Sharon Verzeni, rivelazioni shock dai testimoni: l’assurdo “gesto” dell’assassino prima della fuga

Sharon Verzeni, rivelazioni shock dai testimoni: l’assurdo “gesto” dell’assassino prima della fuga

Due testimoni raccontano un dettaglio cruciale che ha incastrato l’assassino di Sharon Verzeni: un “gesto” inaspettato prima della fuga.

Nella notte tra il 29 e il 30 luglio, Sharon Verzeni, una barista di 33 anni, è stata brutalmente uccisa a Terno d’Isola, in provincia di Bergamo. Le indagini hanno preso una svolta decisiva grazie alla testimonianza di due giovani di origine marocchina,

L’incontro fortuito dei due giovani con Moussa Sangare – un uomo di 31 anni di origini nordafricane – ha contribuito a identificare il colpevole.

I due testimoni hanno raccontato a Repubblica il momento in cui hanno incrociato il presunto assassino e ricordando chiaramente una “gesto” che ha rivolto loro prima di allontanarsi in bicicletta.

Lo strano “gesto” dell’assassino di Sharon Verzeni prima di fuggire

Io mi sto allenando per il titolo italiano di kickboxing, ho l’incontro il prossimo 21 settembre” – ha dichiarato uno dei giovani testimoni – “Lui gioca a calcio in prima categoria.
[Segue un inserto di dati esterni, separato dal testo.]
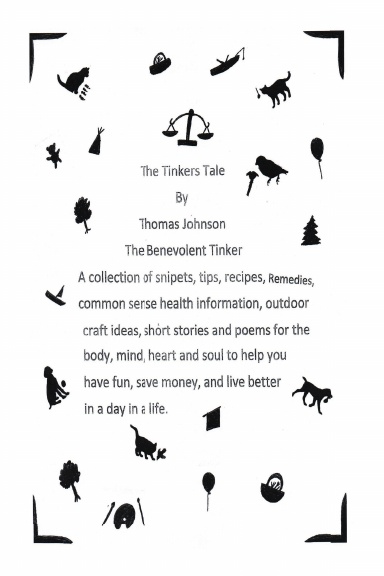 The Tinkerer's Tale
Quella sera eravamo usciti come al solito molto tardi per allenarci“.

Era più o meno mezzanotte, eravamo a Chignolo vicino alla farmacia e davanti al cimitero dove ci siamo fermati per fare delle flessioni (…) Lui ci è rimasto impresso, perché era un po’ strano”.

I due descrivono così l’assassino: “Aveva una bandana in testa e un cappellino, uno zaino e gli occhiali. Ci ha fissato a lungo e poi ci ha fatto una smorfia. Non lo avevamo mai visto prima“.

Il contributo di questi due giovani è stato determinante per le indagini. Dopo essere stati convocati dai carabinieri, hanno descritto con precisione l’incontro con Sangare, fornendo dettagli importanti.

Abbiamo raccontato di quel ragazzo quando siamo stati chiamati in caserma. Siamo rimasti sorpresi, non abbiamo mai pensato che l’assassino potesse essere lui“, hanno confessato.

Il rimorso dei due testimoni

Nonostante il sollievo per aver aiutato a catturare l’assassino, i due testimoni non possono fare a meno di provare un profondo rimpianto per non essere riusciti a salvare Sharon Verzeni.

Il rimpianto che ci resta è di non aver potuto fare qualcosa per Sharon. Non essere stati più vicini a via Castegnate“, hanno affermato con voce carica di emozione.

Riflettendo sulla loro esperienza, hanno ipotizzato che Sangare abbia visto nella vittima una “preda facile“, mentre davanti a loro, atleti in allenamento, abbia scelto di non agire.

Magari l’assassino ha visto una preda facile, come quei due ragazzini che voleva aggredire. Quando ha incrociato noi, invece, ci ha solo guardato male ed è andato avanti“, hanno concluso.